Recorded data
*** Block opens ***

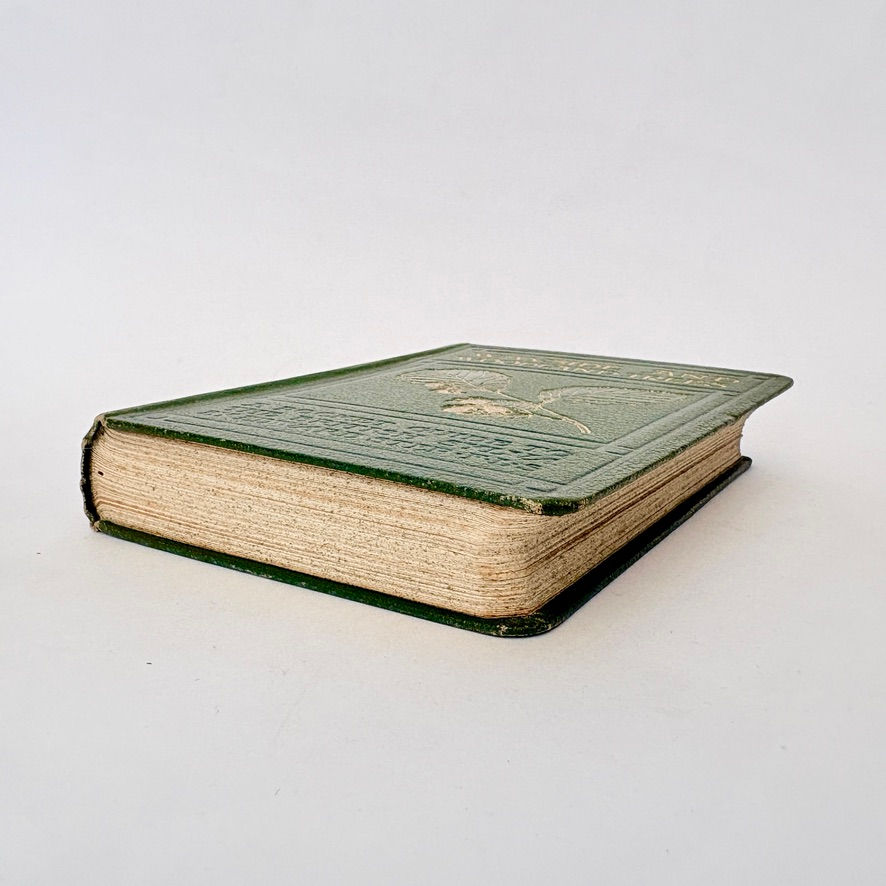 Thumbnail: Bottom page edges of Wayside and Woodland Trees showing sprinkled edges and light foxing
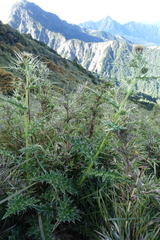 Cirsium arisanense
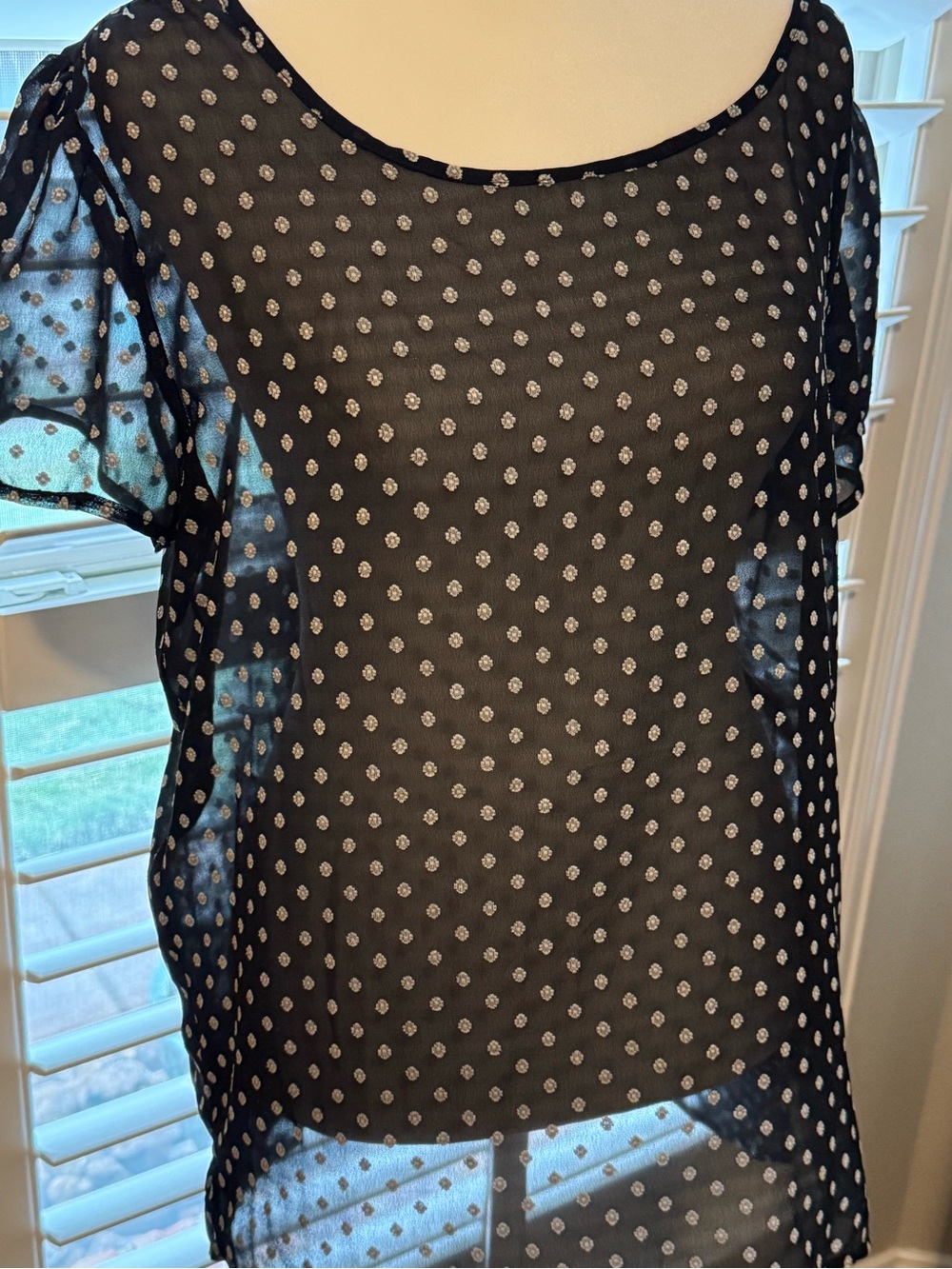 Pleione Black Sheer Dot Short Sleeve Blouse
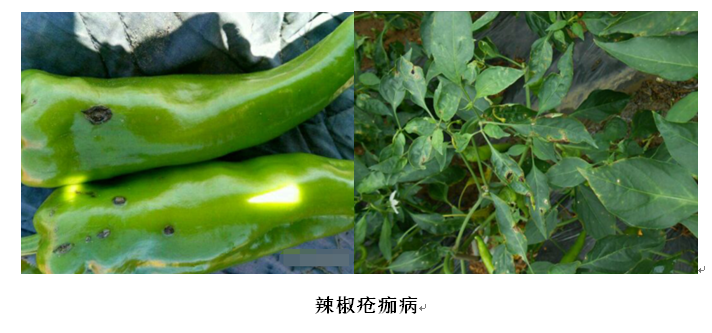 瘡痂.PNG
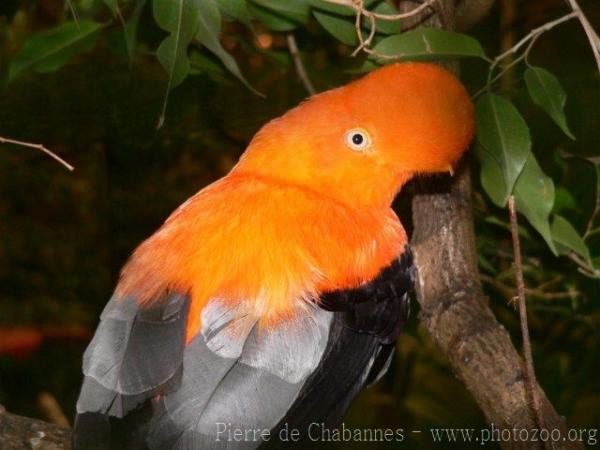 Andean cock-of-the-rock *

*** Block closes ***

• Work order:
Exclude the pictures and reproduce every entry exactly.

• Result of this task:
 Thumbnail: Bottom page edges of Wayside and Woodland Trees showing sprinkled edges and light foxing
 Cirsium arisanense
 Pleione Black Sheer Dot Short Sleeve Blouse
 瘡痂.PNG
 Andean cock-of-the-rock *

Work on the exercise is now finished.